# DATASET CONTENT
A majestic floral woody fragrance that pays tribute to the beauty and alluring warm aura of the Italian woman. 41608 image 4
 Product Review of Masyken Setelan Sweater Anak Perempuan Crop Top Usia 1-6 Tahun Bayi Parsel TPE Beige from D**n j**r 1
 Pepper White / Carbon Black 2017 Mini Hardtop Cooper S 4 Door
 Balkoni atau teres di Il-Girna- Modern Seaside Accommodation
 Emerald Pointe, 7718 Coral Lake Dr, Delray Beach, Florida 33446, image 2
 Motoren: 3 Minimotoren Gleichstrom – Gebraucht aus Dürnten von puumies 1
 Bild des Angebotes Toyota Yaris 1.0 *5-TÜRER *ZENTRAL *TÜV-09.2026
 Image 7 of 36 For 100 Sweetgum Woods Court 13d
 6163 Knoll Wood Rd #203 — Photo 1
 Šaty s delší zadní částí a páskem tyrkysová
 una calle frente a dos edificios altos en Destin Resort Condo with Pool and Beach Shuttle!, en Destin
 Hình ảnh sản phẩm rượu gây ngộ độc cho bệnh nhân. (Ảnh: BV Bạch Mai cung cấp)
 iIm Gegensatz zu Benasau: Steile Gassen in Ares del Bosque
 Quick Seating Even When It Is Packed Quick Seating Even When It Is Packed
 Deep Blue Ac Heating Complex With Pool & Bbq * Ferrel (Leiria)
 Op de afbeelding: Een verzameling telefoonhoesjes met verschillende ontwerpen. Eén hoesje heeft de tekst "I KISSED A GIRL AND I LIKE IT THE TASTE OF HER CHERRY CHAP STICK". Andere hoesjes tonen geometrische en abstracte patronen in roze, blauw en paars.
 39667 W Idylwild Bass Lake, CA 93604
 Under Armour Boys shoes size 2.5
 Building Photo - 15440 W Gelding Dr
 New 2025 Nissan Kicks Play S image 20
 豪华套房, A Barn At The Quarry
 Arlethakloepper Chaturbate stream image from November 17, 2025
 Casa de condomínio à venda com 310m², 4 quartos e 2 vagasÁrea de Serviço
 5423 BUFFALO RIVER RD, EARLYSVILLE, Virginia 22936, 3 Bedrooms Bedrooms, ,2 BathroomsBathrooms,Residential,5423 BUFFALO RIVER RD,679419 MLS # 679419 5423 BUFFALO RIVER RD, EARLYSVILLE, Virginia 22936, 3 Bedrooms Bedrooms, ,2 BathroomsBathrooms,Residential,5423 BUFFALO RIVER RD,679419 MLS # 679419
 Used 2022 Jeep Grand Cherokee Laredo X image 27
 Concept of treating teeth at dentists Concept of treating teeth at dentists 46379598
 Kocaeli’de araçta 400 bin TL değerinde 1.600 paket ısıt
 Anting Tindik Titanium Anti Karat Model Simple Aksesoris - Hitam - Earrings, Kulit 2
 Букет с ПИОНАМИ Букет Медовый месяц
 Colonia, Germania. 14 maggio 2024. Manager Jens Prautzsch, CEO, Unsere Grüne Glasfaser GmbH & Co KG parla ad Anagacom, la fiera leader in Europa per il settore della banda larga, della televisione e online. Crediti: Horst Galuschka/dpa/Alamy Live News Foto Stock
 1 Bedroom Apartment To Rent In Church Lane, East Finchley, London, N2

# PROBLEM TO SOLVE
The records above should all be quoted exactly, please.

# COMPLETED TASK
A majestic floral woody fragrance that pays tribute to the beauty and alluring warm aura of the Italian woman. 41608 image 4
 Product Review of Masyken Setelan Sweater Anak Perempuan Crop Top Usia 1-6 Tahun Bayi Parsel TPE Beige from D**n j**r 1
 Pepper White / Carbon Black 2017 Mini Hardtop Cooper S 4 Door
 Balkoni atau teres di Il-Girna- Modern Seaside Accommodation
 Emerald Pointe, 7718 Coral Lake Dr, Delray Beach, Florida 33446, image 2
 Motoren: 3 Minimotoren Gleichstrom – Gebraucht aus Dürnten von puumies 1
 Bild des Angebotes Toyota Yaris 1.0 *5-TÜRER *ZENTRAL *TÜV-09.2026
 Image 7 of 36 For 100 Sweetgum Woods Court 13d
 6163 Knoll Wood Rd #203 — Photo 1
 Šaty s delší zadní částí a páskem tyrkysová
 una calle frente a dos edificios altos en Destin Resort Condo with Pool and Beach Shuttle!, en Destin
 Hình ảnh sản phẩm rượu gây ngộ độc cho bệnh nhân. (Ảnh: BV Bạch Mai cung cấp)
 iIm Gegensatz zu Benasau: Steile Gassen in Ares del Bosque
 Quick Seating Even When It Is Packed Quick Seating Even When It Is Packed
 Deep Blue Ac Heating Complex With Pool & Bbq * Ferrel (Leiria)
 Op de afbeelding: Een verzameling telefoonhoesjes met verschillende ontwerpen. Eén hoesje heeft de tekst "I KISSED A GIRL AND I LIKE IT THE TASTE OF HER CHERRY CHAP STICK". Andere hoesjes tonen geometrische en abstracte patronen in roze, blauw en paars.
 39667 W Idylwild Bass Lake, CA 93604
 Under Armour Boys shoes size 2.5
 Building Photo - 15440 W Gelding Dr
 New 2025 Nissan Kicks Play S image 20
 豪华套房, A Barn At The Quarry
 Arlethakloepper Chaturbate stream image from November 17, 2025
 Casa de condomínio à venda com 310m², 4 quartos e 2 vagasÁrea de Serviço
 5423 BUFFALO RIVER RD, EARLYSVILLE, Virginia 22936, 3 Bedrooms Bedrooms, ,2 BathroomsBathrooms,Residential,5423 BUFFALO RIVER RD,679419 MLS # 679419 5423 BUFFALO RIVER RD, EARLYSVILLE, Virginia 22936, 3 Bedrooms Bedrooms, ,2 BathroomsBathrooms,Residential,5423 BUFFALO RIVER RD,679419 MLS # 679419
 Used 2022 Jeep Grand Cherokee Laredo X image 27
 Concept of treating teeth at dentists Concept of treating teeth at dentists 46379598
 Kocaeli’de araçta 400 bin TL değerinde 1.600 paket ısıt
 Anting Tindik Titanium Anti Karat Model Simple Aksesoris - Hitam - Earrings, Kulit 2
 Букет с ПИОНАМИ Букет Медовый месяц
 Colonia, Germania. 14 maggio 2024. Manager Jens Prautzsch, CEO, Unsere Grüne Glasfaser GmbH & Co KG parla ad Anagacom, la fiera leader in Europa per il settore della banda larga, della televisione e online. Crediti: Horst Galuschka/dpa/Alamy Live News Foto Stock
 1 Bedroom Apartment To Rent In Church Lane, East Finchley, London, N2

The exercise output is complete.